Полагают, что это многоточие заменяет тюрьму.
Так где ж ей было Толстого любить?
И наконец последнее в ахматовском отзыве об Алексее Толстом: «был чудовищным антисемитом». Многие писатели называли Толстого антисемитом, в этом качестве выводил красного графа в своих романах 20-х годов Эренбург, известно столкновение Толстого с Мандельштамом, можно вспомнить рощинский крик, обращенный к Кате: «К черту!.. С вашей любовью… Найдите себе жида… Большевичка…» — тут ведь тоже не просто заблуждение Рощина, но еще одно подводное течение.
А с другой стороны, самым близким, самым дорогим другом Толстого в последние годы его жизни был человек, которого назовут главным евреем Советского Союза и которого за его еврейство убьют.
«Соломон, — заявил он при этом, — вот купил подсвечник, сказали, что редкий, персидский. Отмыли надписи — оказалось, твой — “субботний”. Вот я и принес. Пусть у тебя стоит», — вспоминала вдова Соломона Михоэлса.
Едва ли можно было ненавидеть евреев, их традиции, лица, кровь, чтобы, купив иудейский подсвечник, прийти с ним к Соломону Михоэлсу и простодушно его подарить: твой — субботний.
В Ташкенте в 1942 году вместе с Михоэлсом Толстой играл в спектакле, устроенном в пользу голодающих детей. Об этом спектакле сохранилось очень живое воспоминание Фаины Раневской.
«— Было очень-очень смешно, — сказала Ф.Г. — Алексей Николаевич отлично знал быт киностудий — во время съемок его “Петра” он не вылезал из “Ленфильма”. Скетч, что он написал тогда, — пародия на киносъемку. Действие разворачивалось в павильоне, где якобы снимался фильм из зарубежной жизни. Скетч, по-моему, так и назывался — “Где-то в Берлине”.

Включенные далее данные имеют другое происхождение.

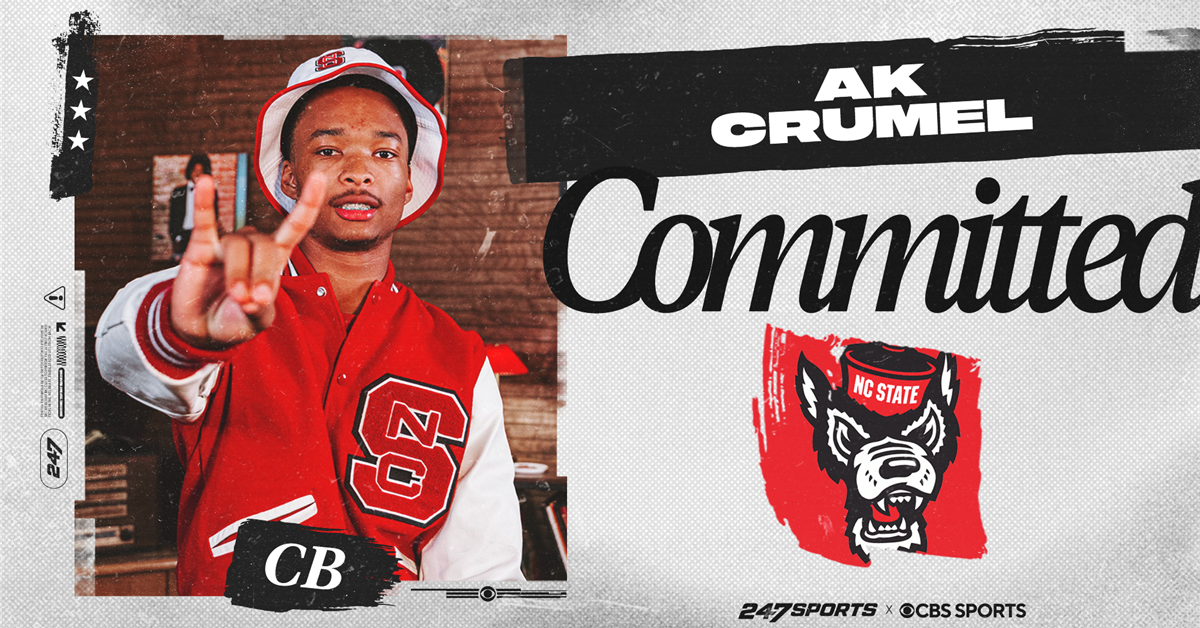 Akedran Crumel commits to NC State: 'They want me to come in, play and make an impact early'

На бутафорскую крышу большого дома (самого дома, как и водится в кино, никто не строил) выходила Таня Окуневская, тоскующая героиня фильма, — красивая, глаз не отвести!.. Вспыхивали прожектора, режиссер — Осип Абдулов — кричал магическое:
— Мотор!
Хлопала эта безумная хлопушка — ненавижу ее всеми фибрами души! — и Таня пела, как ни странно, на мотив “Тучи над городом стали”:
И еще там подобную чепуху.
В это время появлялся Гитлер — Сережа Мартинсон, — он шел на свидание с Окуневской. Завидев его, двое рабочих студии — плотники в комбинезонах — их гениально изображали Соломон Михайлович Михоэлс и сам Толстой, изображали без единой репетиции, на сплошной импровизации — угрожающе двигались на него, сжав кулаки и молотки.
Гитлер-Мартинсон в страхе пускался наутек, режиссер хватался за голову, орал:
— Стоп!
Съемка останавливалась, но стоило появиться Мартинсону, все начиналось сначала.
— Ребята, — чуть не плача, просил Абдулов Михоэлса и Толстого, — это не настоящий! Это артист, он зарплату получает нашими советскими рублями, и у него карточка на хлеб и на крупу есть!